*EXERCISE INSTRUCTIONS*. Among the entries below, please repeat exactly and only the lines from the line containing "Zombie Flamingos Lawn Ornament Set" to the line containing "Image similar to", both lines included.

*AVAILABLE DATA*.
========
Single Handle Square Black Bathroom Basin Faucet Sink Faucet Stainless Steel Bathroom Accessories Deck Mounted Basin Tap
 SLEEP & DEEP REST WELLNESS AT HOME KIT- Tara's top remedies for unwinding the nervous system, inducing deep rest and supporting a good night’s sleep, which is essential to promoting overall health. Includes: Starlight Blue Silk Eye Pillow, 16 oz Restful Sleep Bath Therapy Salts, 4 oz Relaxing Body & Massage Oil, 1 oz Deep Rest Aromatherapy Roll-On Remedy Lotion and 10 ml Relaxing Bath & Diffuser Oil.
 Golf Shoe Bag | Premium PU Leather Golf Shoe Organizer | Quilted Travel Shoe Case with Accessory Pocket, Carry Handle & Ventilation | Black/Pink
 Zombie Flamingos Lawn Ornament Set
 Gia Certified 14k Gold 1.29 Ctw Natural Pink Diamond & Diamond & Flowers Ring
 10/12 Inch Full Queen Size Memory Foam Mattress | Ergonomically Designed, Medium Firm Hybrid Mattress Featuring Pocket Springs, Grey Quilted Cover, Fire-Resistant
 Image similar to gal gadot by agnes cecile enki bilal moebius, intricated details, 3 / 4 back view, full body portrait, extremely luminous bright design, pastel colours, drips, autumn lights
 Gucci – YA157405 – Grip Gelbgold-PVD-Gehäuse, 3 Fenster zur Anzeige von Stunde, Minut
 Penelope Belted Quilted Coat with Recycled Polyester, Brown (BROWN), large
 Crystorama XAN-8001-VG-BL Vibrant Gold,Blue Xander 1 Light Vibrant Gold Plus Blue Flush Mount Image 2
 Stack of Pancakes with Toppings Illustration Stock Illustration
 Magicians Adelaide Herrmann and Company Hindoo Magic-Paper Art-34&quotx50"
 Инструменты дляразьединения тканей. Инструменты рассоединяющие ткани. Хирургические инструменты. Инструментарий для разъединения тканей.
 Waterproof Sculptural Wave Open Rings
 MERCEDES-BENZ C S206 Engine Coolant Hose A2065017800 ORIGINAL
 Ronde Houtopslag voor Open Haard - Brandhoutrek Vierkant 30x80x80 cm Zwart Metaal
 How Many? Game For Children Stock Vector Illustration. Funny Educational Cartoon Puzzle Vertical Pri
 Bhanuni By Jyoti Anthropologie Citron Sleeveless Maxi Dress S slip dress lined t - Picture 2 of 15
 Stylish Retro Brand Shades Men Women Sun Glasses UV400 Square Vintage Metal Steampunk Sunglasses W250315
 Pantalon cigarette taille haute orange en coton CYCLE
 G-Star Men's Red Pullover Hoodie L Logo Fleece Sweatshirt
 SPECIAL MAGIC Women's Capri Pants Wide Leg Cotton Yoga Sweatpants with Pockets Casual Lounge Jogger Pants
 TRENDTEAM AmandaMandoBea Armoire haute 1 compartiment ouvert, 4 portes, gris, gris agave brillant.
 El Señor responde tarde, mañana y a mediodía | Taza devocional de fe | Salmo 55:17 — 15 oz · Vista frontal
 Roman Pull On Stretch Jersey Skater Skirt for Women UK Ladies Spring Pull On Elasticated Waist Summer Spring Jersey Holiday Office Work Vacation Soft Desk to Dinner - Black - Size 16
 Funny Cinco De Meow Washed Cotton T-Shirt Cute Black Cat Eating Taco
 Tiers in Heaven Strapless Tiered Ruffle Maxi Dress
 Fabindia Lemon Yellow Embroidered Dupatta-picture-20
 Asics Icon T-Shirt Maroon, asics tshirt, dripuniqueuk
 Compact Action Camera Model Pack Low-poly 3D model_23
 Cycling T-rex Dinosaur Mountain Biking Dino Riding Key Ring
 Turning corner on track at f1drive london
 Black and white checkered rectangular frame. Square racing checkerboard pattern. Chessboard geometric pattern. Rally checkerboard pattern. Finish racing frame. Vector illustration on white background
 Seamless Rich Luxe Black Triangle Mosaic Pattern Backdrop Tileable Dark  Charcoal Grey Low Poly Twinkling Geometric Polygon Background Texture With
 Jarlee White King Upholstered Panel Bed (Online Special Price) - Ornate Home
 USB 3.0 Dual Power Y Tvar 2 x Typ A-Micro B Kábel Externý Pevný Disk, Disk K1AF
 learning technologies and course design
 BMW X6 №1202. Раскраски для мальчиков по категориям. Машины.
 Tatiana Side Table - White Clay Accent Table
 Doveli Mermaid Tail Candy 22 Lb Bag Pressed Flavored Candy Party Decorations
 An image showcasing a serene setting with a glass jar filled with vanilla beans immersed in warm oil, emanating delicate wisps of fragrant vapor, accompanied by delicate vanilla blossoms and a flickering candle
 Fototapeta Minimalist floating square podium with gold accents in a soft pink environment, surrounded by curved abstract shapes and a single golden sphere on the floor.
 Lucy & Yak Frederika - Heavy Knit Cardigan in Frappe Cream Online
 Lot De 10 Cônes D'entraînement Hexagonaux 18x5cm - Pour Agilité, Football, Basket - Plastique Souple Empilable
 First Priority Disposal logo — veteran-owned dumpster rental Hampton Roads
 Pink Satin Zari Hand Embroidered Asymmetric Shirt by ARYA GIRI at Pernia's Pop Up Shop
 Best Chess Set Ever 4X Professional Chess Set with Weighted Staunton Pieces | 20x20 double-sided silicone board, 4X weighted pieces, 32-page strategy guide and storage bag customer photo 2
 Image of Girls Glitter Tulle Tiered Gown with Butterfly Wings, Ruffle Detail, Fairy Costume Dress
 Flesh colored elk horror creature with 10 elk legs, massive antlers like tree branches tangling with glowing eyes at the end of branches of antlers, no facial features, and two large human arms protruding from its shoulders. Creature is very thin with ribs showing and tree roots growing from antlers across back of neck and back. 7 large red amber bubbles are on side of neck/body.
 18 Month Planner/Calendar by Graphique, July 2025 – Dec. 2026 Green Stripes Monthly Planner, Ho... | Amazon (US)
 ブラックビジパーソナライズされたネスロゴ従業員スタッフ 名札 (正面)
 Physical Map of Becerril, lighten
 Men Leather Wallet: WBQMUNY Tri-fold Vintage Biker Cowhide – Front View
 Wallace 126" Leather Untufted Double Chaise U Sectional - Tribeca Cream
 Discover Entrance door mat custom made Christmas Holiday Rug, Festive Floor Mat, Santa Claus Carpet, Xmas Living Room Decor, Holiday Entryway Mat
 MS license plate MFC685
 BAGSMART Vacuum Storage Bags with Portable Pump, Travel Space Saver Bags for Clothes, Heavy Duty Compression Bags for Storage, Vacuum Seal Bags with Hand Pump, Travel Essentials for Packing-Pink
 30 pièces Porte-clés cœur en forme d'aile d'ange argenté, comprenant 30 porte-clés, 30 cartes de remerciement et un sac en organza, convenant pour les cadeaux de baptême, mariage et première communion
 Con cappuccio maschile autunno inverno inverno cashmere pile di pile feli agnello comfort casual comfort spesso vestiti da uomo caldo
========
*TASK SOLUTION*.
 Zombie Flamingos Lawn Ornament Set
 Gia Certified 14k Gold 1.29 Ctw Natural Pink Diamond & Diamond & Flowers Ring
 10/12 Inch Full Queen Size Memory Foam Mattress | Ergonomically Designed, Medium Firm Hybrid Mattress Featuring Pocket Springs, Grey Quilted Cover, Fire-Resistant
 Image similar to gal gadot by agnes cecile enki bilal moebius, intricated details, 3 / 4 back view, full body portrait, extremely luminous bright design, pastel colours, drips, autumn lights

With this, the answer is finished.